Title 9 Sports Grill’s mission to be a haven for watching women’s sports permeates every nook and cranny. From the more than a dozen TVs mounted on pink and orange walls to the “Play Like a Girl” neon sign against a giant image of retired WNBA star Diana Taurasi.
The Phoenix, Arizona, bar is an impressive turnaround for co-owners Audrey Corley and Kat Moore. Just before Christmas, the space was still Moore and her husband’s hot dog restaurant.
However, they sold the business last year and the new owners did not want to stay in the property. That is when Corley, who owns a popular lesbian bar on the next block, proposed partnering on the city’s first women’s sports-centric bar.
Photo: AP
She had been mulling the idea since reading about the Sports Bra in Portland, Oregon, which opened in 2022, and then seeing a half-dozen similar bars emerge in the past year.

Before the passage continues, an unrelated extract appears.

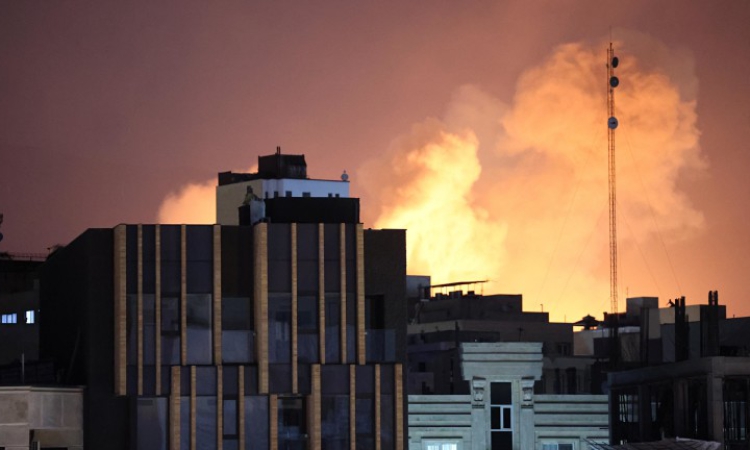 Иранска ракета удари голяма петролна рафинерия в Бахрейн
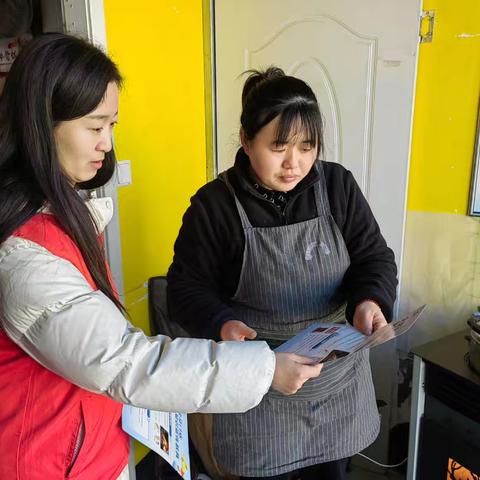 禁毒宣传进社区 平安家园共守护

“Then I see, you know, another one popped up here and another one, and then I was like, it’s just time. It has to be,” Corley said before Title 9’s grand opening earlier this month.
Several new bars dedicated to women’s sports have made the mad dash to open in time to capitalize on March Madness, now in full swing. From San Francisco to Cleveland, more than a dozen such bars plan to open across the country before the year is over.
The femme-focused bar scene has made huge strides from three years ago when The Sports Bra was the only one. It comes during an exciting first year during which teams in the women’s bracket would finally be paid for playing in the NCAA tourney. Many credit stars such as Caitlin Clark and Angel Reese for increasing the marketability of female players.
Last season, Reese and Clark’s teams never saw a dollar. Now, the women’s teams would finally earn individual revenue, known as “units.” A unit is money paid to conferences when one of its teams appears in the NCAA Tournament. Teams earn another with every game played.
The most seamless part of transforming her old restaurant into Title 9 has been the built-in community anticipation of having a place to view women’s sports, Moore said.
“The only question I’ve gotten from quite a few men, especially when we first started telling people, was, ‘Are men allowed?’ Yeah,” she said, with a chuckle.
Named for the landmark 1972 law that forbids discrimination based on sex in education, including athletics, Title 9 is filled with tributes to female athletes, from framed photos with QR codes to a cocktail roster with drinks such as the Pat Summitt Sour and Taurasi Goat-Tail. However, the owners emphasize a family-friendly atmosphere where young girls can come celebrate after a school game.
“Even some of the little girls, they could come here and dream of being on the TV someday and actually getting paid for it,” Corley said.
Debra Hallum and Marlene du Plessis were also inspired by the Sports Bra. They made their targeted opening in Austin last week of 1972 ATX Women’s Sports Pub across from the University of Texas campus.
“It is so hard to find a bar or a pub that will show women’s sports,” Du Plessis said. “You always have to call around, ask around to find where they going to show it, and then most of the time you know they will not have the sound on — and we will.”
In Denver, Annie Weaver and Miranda Spencer met playing on opposing flag football teams. A month later, they began drafting a business plan for a similar concept, also inspired by The Sports Bra. Open since December last year, the 99ers Sports Bar is hosting its first March Madness crowds.
They were first considering a name that would play off of Mia Hamm, the 1990s soccer icon who inspired Weaver’s Halloween costume for years. They settled on a name that honors the 1999 US Women’s World Cup soccer team, filled with names and faces that did not get as much attention as Hamm.
The city does not even have any women’s teams in the major national leagues, but it was recently awarded the 16th NWSL expansion team, to begin play next year.
A trifold bracket covered one table, and an impromptu friendship bracelet-making station occupied another.
“I wish I would have had this space growing up,” Spencer said.
The new bar operators agree it is not a trend, but an indicator of a market that has not been served.
Hopefully, anyone looking to open a women’s sports bar is not doing it “just to be trendy,” Moore said.
Corley’s most important advice for any would-be barkeep: “The same way you play sports for the love, open this up for the love.”